My question for you is simple: Are you okay with that reality? Are you okay with going to a school that is just like the rest of this world? Are you ready for a challenge.

I hope you are. I hope that Fuller is ready for us, too.

February 20, 2007

it's been a long time

Sometimes in the grind of full-time classes, part-time work, bills, friendships, family (all far away), let alone all the loops life throws at you, I find myself stuck in the position of needing a pick-me-up and a reminder. Of? A reminder of why I'm here. Funny thing is, I had no idea that it was exactly what I needed. Praise God that I can claim him as Jehovah Jireh!

See, I miss my old 'new' home. At least I missed it. But I had the opportunity to head back this past weekend; it's been a long time.

And so I headed to the site of the lovely '07 blizzard in Indiana. Imagine this if you will. Friday, Feb. 16th, it's 87 degrees (F) in Pasadena, and I step onto a plane at LAX at 12:35 am on Sat with the temperatures hovering around 60 degrees. Totally delightful. So what happens, I land at 9:45 am in Indianapolis to 17 degrees (F - yes, not C). I mean, I grew up in the snow belt in PA, so this should NOT be shocking to my system. Well, it was. But 15 in of snow, and seeing no pavement or cement was a bit, ok, a LOT confusing.

I was quickly able to move past the weather, as I was blessed to surprise a large number of my 'former' students in Indianapolis at a retreat this weekend. The weekend was a blessing for a number of reasons:
- It was good to be 'home'
- I love bear hugs, and a lot of my boys gave great hugs when i saw them - i like surprises!
- I love bear hugs, and a lot of my girls gave amazing hugs when i saw them - yup, i still like surprises!
- people's facial expressions are amazing, especially when they don't expect to see your face!
- God poured out his love on me during this weekend
- I was reminded of my call in a profound way

I moved to Pasadena from Indianapolis to earn (as you can see) my Master of Divinity in Youth, Family and Culture. Two years of working in youth ministry in Indy (yay, Super Bowl Champs!) was amazing - in every sense of the word. It was amazing because God showed me my call, and at times with such specificity I could do nothing but stand in awe.

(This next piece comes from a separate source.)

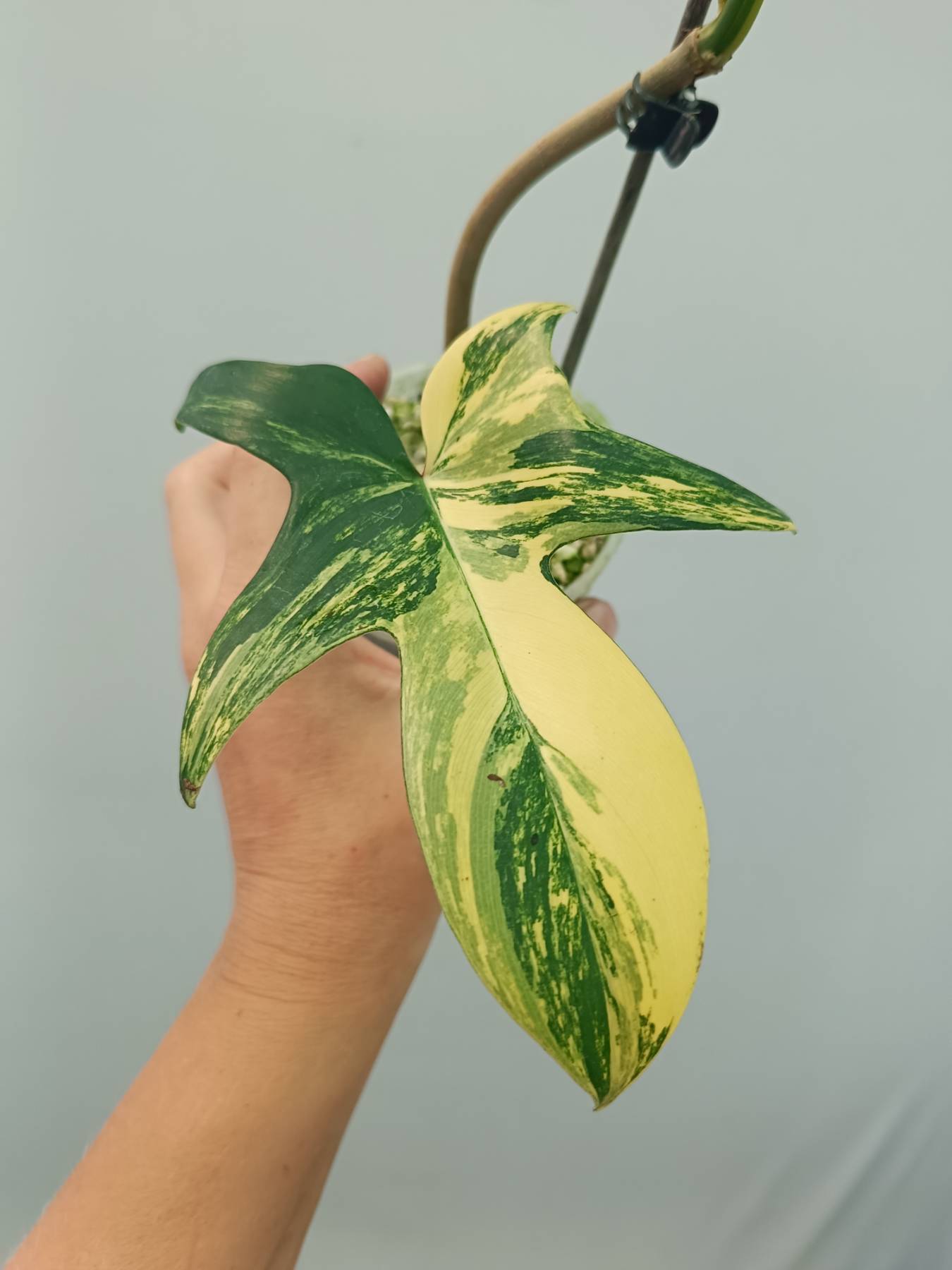 philodendron florida variegata Philodendron Florida Beauty Variegata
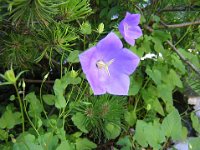 CAMPANULA CARPATICA 2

I spent the weekend laughing, smiling, giggling, grinning, and in awe of God's amazing gifts, power, and wonder. He reminded me so clearly that these people are those who sent me to Fuller, who sent me to be equipped, and why I am in this part of my journey.

My students opened up immediately with me, shared stories, cried with me, laughed (a LOT) with me, and communed in fellowship with me and their new sisters and brothers. I have arrived back in LA (4 hours ago, ha!) refreshed, renewed and reinvigorated. I went to the land of Hoosiers to surprise and serve; God amazingly did that and more right back to me. God's pretty cool, pretty stinking cool!

So the question now: What brought you here? What brings you here? How do you plan on keeping that fire alive? What do you need to keep that fire alive? God's subtle reminders are good, very good indeed.

January 28, 2007

life as we know it

The quarter system is probably going to confuse me for months still. I cannot believe it's already week 5 at Fuller. I'm halfway through a quarter and I can barely believe it, frankly. There's something quite bizarre in knowing that I have midterms this week, and a stack full of papers to be writing in the next 7 days.

In the midst of this quarter, I have seen so much change and my eyes seem to almost be playing games with me. It's hard to imagine that I'm in grad school, and it's hard to imagine that life is flying so rapidly.

I'm ready for some calm and, but the realization has hit me like a ton of bricks: the world isn't calm, it's my choice to make my life calm (or chaotic). I have no control over the calamities and chaos of the world surrounding me, but I do have a choice in how I react to it.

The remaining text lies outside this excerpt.